On 6/6/06, Bryan Derksen bryan.derksen@shaw.ca wrote:
Steve Bennett wrote:
Do you have any examples? What would they look like? Perhaps:
{{thematic category|name of subject}}
I don't think we should make things unnecessarily complicated by making the templates take parameters, just use {{PAGENAME}}. If the category's name isn't suitable for use in the template describing it then I suspect it's an indication that the category's name might need changing. :)
Mmm...you may be right. In any case, the text on the category page should provide enough context to clarify. There may be cases where a category is forced to obey a particular naming scheme which isn't the most descriptive for what it is, but I can't think of any immediately.
How about "Members of this category should be specific examples of {{PAGENAME}}"
I'll try a couple of random examples: Members of this category should be specific examples of Districts of Berlin.
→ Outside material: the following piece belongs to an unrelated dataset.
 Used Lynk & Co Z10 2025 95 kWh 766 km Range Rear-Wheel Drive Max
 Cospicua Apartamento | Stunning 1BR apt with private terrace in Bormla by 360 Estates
Members of this category should be specific examples of Billboard Hot 100 number-one singles Members of this category should be specific examples of Russian and Soviet polar explorers [an example where the text would be better as "Russian *or* Soviet polar explorers"?] Members of this category should be specific examples of Cities in Kentucky Members of this category should be specific examples of Pakistan movement activists Members of this category should be specific examples of Lists of state leaders by year [this article also had the presumably "thematic" category 730s - a counterexample to the plurals rule] Members of this category should be specific examples of United Kingdom court systems Members of this category should be specific examples of Members and associates of the US National Academy of Sciences [another and -> or] Members of this category should be specific examples of Rivers of Indonesia ["Rivers in Indonesia" would be more natural] Members of this category should be specific examples of Pejorative names for people.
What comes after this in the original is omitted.